Her story is very inspirational and she definately is blessed with a beautiful family and great insight on life. I personally watched all her youtube videos, and just joined her Natural Sunshine community; you can check that out here http://naturalsunshine.ning.com
I'm definately a fan and will be checking out her blogs on the reg.

So yea... that's what I did today.
Ohh before I forget. I totally backslided on the lifestyle change. The WHOLE of last week I went back on my word and ate and ate and ate. Didnt exercise, didnt drink water, NOTHING.
But I've seen the error of my ways, and its really up to me to get to where I wanna be.
I'm not buying into any more lies that I feed myself. Its not okay to be mediocre and I REFUSE to be just that.

So with that said, I'm back and ready to rumble.

I Cant Believe They Freakin' Cancelled TRAUMA!!!!



Some people are just stupid. Just straight up messed up in the head. Like really??
Why on earth would you cancel such a good show? I mean this is a show that had it ALL: drama, suspense, action, romance, comedy.... WHAT MORE COULD YOU ASK FOR. And such a great cast, Dereck Luke, like come on!!
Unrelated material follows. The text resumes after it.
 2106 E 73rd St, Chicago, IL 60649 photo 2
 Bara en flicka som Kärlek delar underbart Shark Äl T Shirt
That show MADE my Monday evenings. But I guess if you're not stranded in some dumb ass jungle with 30 other dumb ass people, eating cockroaches and hog nuts for breakfast, that doesnt constitute a good enough show for people to be entertained. And I guess if you're not one of 20 other stupid, dim witted, attention starved 20 somethings who has no self respect left so your only attempt to find and keep a man is to go on a show where some guy whom no one has ever heard of is suppose to fall madly inlove with you before the end of the shows finale (provided that you were the lucky one that didnt get rejected on national tv by not getting some dumb ass rose), I guess that is what is considered entertaining.

Well f*** you NBC. You suck sooo much. Bring back Trauma you jerks.
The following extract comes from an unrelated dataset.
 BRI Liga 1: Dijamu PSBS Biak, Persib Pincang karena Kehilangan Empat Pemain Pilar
Urrghh, now what am I gonna watch??

Tuesday, January 12, 2010

Pretty Up

Deep inside I guess we all have a desire to be the most popular, the most beautiful, the most succesful. To some that desire is all they think about, it's what drives them. To others, this desire is something they feel can never be attained, and is worthless to kill yourself over.
Me on the other hand, I used to have it, but now that I dont I dont know if I belong to group A or group B.

You see, I used to be that girl. I had that. Whatever "that" is, it was mine. Then one day it went away. I didnt care to be the best, I didnt care to be the prettiest, I didnt care if I had the most friends. I took everything I had for granted anyway. But now, they keep telling me I have to come back, they keep telling me I have to be who I used to be. Who? Society.

Cliche, yeah maybe. But its true. I see it at school, I see it at church, I see it at home. They keep reminding me of my legendry. They're words haunt me everytime I open the fridge. They're faces flood my memory evertime I stare at my own. Judging me and mocking me.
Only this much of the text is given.